QIC, like its industry peers, believes that there is still material uncertainty associated with the company’s loss estimates given the nature, magnitude and recency of these loss events. The estimate is based on a preliminary analysis of the company’s exposures, the current assumption of total insured industry losses and preliminary information received from certain cedants to date.
The nine months performance was also materially and adversely affected by the UK Government’s decision to drastically cut the Ogden discount rate, which shook up the UK motor insurance market, with an expected industry-wide reserving hit of over USD 10 billion. As previously stated, QIC Group has a major underwriting footprint in the UK and decided to strengthen its motor reserves by USD 31 million. Further changes to the Ogden rate are under discussion in the UK and could lead to favourable reserve adjustments with a positive bottom-line impact.
Resilient investment performance amidst regional turbulence
Since 5 June when the regional diplomatic standoff began, Qatar’s key stock market index has shed about 18% of its value. Despite these political and other unrelated economic turbulences in the Middle East, QIC Group generated net investment income of USD 219 million in the first nine months of 2017 (as compared to USD 174 million in the same period of 2016). The annualised return on investment amounted to 5.3% for the first nine months, significantly in excess of the global industry average.
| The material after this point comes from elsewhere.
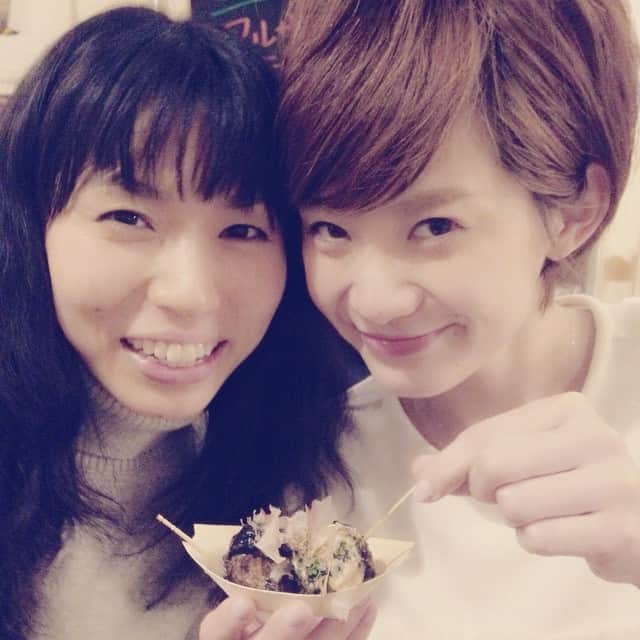 平山奈美のインスタグラム：「それにしても笑ったよね、これたこ焼きじゃないとよ、里芋だけん #たこ焼き#里芋#ショート#黒髪#パーマ に不満の#新鍋理沙#大好き な#友達」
QIC Group’s investment portfolio is globally diversified, across geographies, industries and asset classes. The investment exposure to the countries involved in the rift with Qatar is minimal. Moreover, Qatari assets represent only 23% of the Group’s total investment portfolio (excluding cash). Over 60% of domestic assets are Qatari bonds, most of which are USD denominated and Euro clearable, and hence highly liquid and tradeable.
Most regional and international observers do not expect any material adverse impact of the diplomatic standoff on Qatar’s economic growth performance, even under a prolonged scenario.
Further progress in cost efficiency
QIC has a long and proven record of cost efficiency and consciousness. During the reporting period, the implementation of additional effective cost control policies, in combination with an accelerated pace of work process automation resulted in a sizeable improvement in the administration expense ratio to 6.6% against 8.5% during the same period in 2016.